This is actually a follow-up to one of my recent posts about a webinar I attended by Unicon on learning analytics. We have representatives from three different LMSes: Moodle, Sakai, and Blackboard. Looks like Lou and Josh from that webinar are here…I’m looking forward to learning more about this effort! Word of warning: they moved fast, so I missed some detail, particularly around the workflow and data-heavy slides. My Student Affairs colleagues will want to tune into the question I asked at the end…
Open Learning Analytics: Context & Background
OAI, or the Open Academic Analytics Initiative: EDUCAUSE Next Generation learning Challenges (NGLC). Funded by Bill & Melinda Gates foundations, $250,000 over a 15 month period. Goal: leverage big data concepts to create an open-source academic early alert system and research “scaling factors”
LMS & SIS data is fed into a predictive scoring model, which is then fed into an academic alert report. From there, an intervention is deployed (“awareness” or Online Academic Support Environment – OASE)
Research design: rolled out to 2,200 students in 4 institutions: 2 community colleges, and 2 historically black colleges and universities. More detail on the approach and results here.
Strategic Lessons Learned
Openness will play a critical role in the future of learning analytics.
- Used all open source tools: Weka, Kettle, Pentaho, R, Python, etc.
- Open standards and APIs: Experience API (xAPI), IMS Caliper/Sensor API
- Open Models: predictive models, knowledge maps, PMML, etc.
- Open Content/Access: journals, whitepapers, policy documents
- Openness or Transparency with regard to ethics/privacy
- NOT anti-commercial, commercial ecosystems help sustain OSS
Software silos limit usefulness
- Platform approach makes everything more useful
NC State Project
- Getting everyone moving in the same direction is a challenge.
- The number one priority we have at NC is student success, and we know that data is going to help us get there. However, we have different vendors approaching us independently, each with their own selling points on what they could do to help us.
- Lunch and learn sessions, bring people up to speed on what questions to ask, and start thinking about who can generate answers. It took us 10 months to get everyone together
- Division of Academic & Student Affairs has purchased EAB; concurrently, we’re working on LAP. Continued conversations with campus partners will have to happen.
From Proof to Production: Toward Learning Analytics for the Enterprise
- Initial steps: small sample sizes, predictions at 1/4, 1/2, 3/4 points in course, multi-step manual process
- Goal 1: make it more enterprise-y. Use large sample sizes (all student enrollments), frequent early runs (maybe daily), automatic no more than 1 click
- Currently in progress: rebuild infrastructure for scale; daily snapshots of fall semester data; after fall semester ends look for the sweet spot.
- Future goals: refine model even more; segment model by population; balance between models and accuracy; refine and improve models over time; explore ways to track efficacy over time; once we intervene we can never go back to virgin state
- Why is JC seeking LAP implementation? First time pass rate of Anatomy and Physiology is 54%. Only 27% re-take. 37% non-persistence rate (DFW). Need to find ways to help students succeed.
- How is it going? We have a 4 year grant. Compliance letter came in May of 2015. Implement PREP program in October 2015, LAP roll-out in 10/1/2016, with one year to test. We use Student Participation System data and feed it into the system.

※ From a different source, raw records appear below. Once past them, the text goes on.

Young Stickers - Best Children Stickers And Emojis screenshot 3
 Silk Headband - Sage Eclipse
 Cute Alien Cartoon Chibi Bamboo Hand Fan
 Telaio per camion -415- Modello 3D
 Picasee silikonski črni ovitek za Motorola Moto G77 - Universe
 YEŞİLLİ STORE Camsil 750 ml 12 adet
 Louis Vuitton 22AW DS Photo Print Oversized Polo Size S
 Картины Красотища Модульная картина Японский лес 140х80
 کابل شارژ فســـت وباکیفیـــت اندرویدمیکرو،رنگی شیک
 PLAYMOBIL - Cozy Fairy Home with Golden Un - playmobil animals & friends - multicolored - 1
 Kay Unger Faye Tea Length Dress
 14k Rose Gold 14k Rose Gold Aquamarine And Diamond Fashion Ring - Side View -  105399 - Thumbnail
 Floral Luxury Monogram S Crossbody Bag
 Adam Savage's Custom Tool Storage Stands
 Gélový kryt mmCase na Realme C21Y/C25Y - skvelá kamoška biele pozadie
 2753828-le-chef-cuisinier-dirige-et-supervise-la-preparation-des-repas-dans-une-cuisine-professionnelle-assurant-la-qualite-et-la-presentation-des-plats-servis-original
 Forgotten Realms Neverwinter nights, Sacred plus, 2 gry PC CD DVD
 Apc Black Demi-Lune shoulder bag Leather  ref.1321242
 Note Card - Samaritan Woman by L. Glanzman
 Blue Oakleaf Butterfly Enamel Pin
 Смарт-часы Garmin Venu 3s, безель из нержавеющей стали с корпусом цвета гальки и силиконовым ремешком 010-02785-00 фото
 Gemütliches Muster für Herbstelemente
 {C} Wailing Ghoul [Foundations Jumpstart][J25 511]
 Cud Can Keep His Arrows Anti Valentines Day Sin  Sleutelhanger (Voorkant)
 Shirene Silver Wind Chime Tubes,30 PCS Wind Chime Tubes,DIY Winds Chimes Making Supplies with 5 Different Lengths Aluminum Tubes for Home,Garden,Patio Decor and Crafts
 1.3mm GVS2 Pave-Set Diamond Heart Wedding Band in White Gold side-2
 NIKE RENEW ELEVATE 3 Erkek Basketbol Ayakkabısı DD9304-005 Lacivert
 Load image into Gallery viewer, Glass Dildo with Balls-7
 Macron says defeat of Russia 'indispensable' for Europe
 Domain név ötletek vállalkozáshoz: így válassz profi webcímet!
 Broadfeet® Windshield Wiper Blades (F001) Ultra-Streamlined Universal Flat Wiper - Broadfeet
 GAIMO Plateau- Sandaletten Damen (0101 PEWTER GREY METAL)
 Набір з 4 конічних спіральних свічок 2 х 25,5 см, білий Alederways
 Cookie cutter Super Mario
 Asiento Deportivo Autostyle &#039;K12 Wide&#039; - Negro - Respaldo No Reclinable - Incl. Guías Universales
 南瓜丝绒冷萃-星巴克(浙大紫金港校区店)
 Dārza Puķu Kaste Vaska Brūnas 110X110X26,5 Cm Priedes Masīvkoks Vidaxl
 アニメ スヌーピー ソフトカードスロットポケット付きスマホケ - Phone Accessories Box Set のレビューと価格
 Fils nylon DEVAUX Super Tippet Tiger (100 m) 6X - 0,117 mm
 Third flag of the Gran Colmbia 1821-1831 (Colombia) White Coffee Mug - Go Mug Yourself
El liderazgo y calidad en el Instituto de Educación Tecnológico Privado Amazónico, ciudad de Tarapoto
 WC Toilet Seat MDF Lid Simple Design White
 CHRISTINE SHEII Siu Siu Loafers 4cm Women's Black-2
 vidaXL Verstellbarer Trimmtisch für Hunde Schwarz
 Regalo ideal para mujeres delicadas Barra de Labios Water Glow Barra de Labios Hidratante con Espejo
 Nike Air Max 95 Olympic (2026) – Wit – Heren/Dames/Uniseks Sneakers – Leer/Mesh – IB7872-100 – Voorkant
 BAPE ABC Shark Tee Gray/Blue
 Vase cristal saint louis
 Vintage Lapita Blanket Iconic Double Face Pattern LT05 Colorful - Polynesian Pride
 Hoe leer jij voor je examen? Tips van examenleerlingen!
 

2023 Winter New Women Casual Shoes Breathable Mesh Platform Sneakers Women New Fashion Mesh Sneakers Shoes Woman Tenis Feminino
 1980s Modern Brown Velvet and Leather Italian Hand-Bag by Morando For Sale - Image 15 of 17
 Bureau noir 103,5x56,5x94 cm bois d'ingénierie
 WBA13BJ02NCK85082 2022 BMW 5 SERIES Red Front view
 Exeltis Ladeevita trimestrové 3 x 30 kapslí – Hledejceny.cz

- Why use SPS data? It’s readily available; part of HLC Quality Initiative; less politically charged; shown to correlate with student success; clear map of data schema; data is very robust, more data there than we are presently using; data is “complete” (better than Bb data; less complete than original LAP design).
- Each instructor will receive an Academic Alert Report.
My question: have you considered integration of co-curricular data into your models? YES! We’re very interested in integration of co-curricular data, because it’s often a better indicator for student success than LMS data. Vincent Tinto’s research clearly indicates this, but our implementation of this is probably a phase 3 or phase 4 thing.